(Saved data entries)
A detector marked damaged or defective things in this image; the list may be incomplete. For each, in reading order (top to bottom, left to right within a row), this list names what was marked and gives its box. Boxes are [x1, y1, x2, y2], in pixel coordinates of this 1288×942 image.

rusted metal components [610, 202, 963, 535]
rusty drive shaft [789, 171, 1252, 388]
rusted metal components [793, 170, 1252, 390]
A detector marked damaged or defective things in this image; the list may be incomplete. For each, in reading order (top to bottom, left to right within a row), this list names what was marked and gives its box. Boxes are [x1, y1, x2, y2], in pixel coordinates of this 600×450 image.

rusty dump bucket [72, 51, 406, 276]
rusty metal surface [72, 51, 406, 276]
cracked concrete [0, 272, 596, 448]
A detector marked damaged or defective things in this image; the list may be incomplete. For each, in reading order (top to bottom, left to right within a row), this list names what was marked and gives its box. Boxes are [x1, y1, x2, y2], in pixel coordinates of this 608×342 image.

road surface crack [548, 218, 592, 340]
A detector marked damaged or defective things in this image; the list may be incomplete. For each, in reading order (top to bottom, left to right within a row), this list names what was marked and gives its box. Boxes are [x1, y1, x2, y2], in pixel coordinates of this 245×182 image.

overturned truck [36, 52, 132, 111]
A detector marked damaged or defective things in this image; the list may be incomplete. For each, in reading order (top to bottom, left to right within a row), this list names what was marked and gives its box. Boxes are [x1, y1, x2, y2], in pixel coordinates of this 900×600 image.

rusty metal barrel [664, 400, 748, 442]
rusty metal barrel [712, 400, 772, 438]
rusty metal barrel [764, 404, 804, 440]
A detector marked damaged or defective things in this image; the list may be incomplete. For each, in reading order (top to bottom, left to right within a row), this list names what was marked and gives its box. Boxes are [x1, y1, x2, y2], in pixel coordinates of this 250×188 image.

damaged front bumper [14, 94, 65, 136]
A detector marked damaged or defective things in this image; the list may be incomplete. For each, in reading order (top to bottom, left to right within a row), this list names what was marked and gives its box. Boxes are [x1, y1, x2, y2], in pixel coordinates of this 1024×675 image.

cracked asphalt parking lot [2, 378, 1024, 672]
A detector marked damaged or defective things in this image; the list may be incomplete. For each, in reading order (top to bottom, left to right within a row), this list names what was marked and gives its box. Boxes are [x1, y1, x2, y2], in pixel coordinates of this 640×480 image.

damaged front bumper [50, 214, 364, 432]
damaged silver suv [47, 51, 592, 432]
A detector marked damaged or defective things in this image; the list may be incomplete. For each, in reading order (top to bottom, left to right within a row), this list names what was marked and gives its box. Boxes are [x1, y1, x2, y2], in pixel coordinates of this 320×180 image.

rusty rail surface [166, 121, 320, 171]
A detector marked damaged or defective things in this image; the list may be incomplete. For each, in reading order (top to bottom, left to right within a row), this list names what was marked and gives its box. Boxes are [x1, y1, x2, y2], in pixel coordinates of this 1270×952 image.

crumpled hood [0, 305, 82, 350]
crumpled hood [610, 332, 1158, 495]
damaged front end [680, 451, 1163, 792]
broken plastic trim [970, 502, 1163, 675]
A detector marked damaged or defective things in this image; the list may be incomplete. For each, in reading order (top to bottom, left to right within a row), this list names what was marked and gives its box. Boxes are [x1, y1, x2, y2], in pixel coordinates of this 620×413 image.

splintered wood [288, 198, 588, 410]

** Requirement **
Find "this 250×188 image." in the data above, then repeat that line and all lines after it exactly, ending with the final line.

** Written answer **
A detector marked damaged or defective things in this image; the list may be incomplete. For each, in reading order (top to bottom, left to right within a row), this list names what was marked and gives its box. Boxes are [x1, y1, x2, y2], in pixel coordinates of this 250×188 image.

damaged front bumper [14, 94, 65, 136]
A detector marked damaged or defective things in this image; the list may be incomplete. For each, in reading order (top to bottom, left to right within a row), this list names what was marked and gives its box. Boxes are [x1, y1, x2, y2], in pixel coordinates of this 1024×675 image.

cracked asphalt parking lot [2, 378, 1024, 672]
A detector marked damaged or defective things in this image; the list may be incomplete. For each, in reading order (top to bottom, left to right within a row), this list names what was marked and gives its box. Boxes are [x1, y1, x2, y2], in pixel coordinates of this 640×480 image.

damaged front bumper [50, 214, 364, 432]
damaged silver suv [47, 51, 592, 432]
A detector marked damaged or defective things in this image; the list may be incomplete. For each, in reading order (top to bottom, left to right within a row), this list names what was marked and gives its box. Boxes are [x1, y1, x2, y2], in pixel coordinates of this 320×180 image.

rusty rail surface [166, 121, 320, 171]
A detector marked damaged or defective things in this image; the list may be incomplete. For each, in reading order (top to bottom, left to right within a row), this list names what was marked and gives its box. Boxes are [x1, y1, x2, y2], in pixel coordinates of this 1270×952 image.

crumpled hood [0, 305, 82, 350]
crumpled hood [610, 332, 1158, 495]
damaged front end [680, 451, 1163, 792]
broken plastic trim [970, 502, 1163, 675]
A detector marked damaged or defective things in this image; the list may be incomplete. For each, in reading order (top to bottom, left to right within a row), this list names what was marked and gives its box. Boxes are [x1, y1, x2, y2], in pixel coordinates of this 620×413 image.

splintered wood [288, 198, 588, 410]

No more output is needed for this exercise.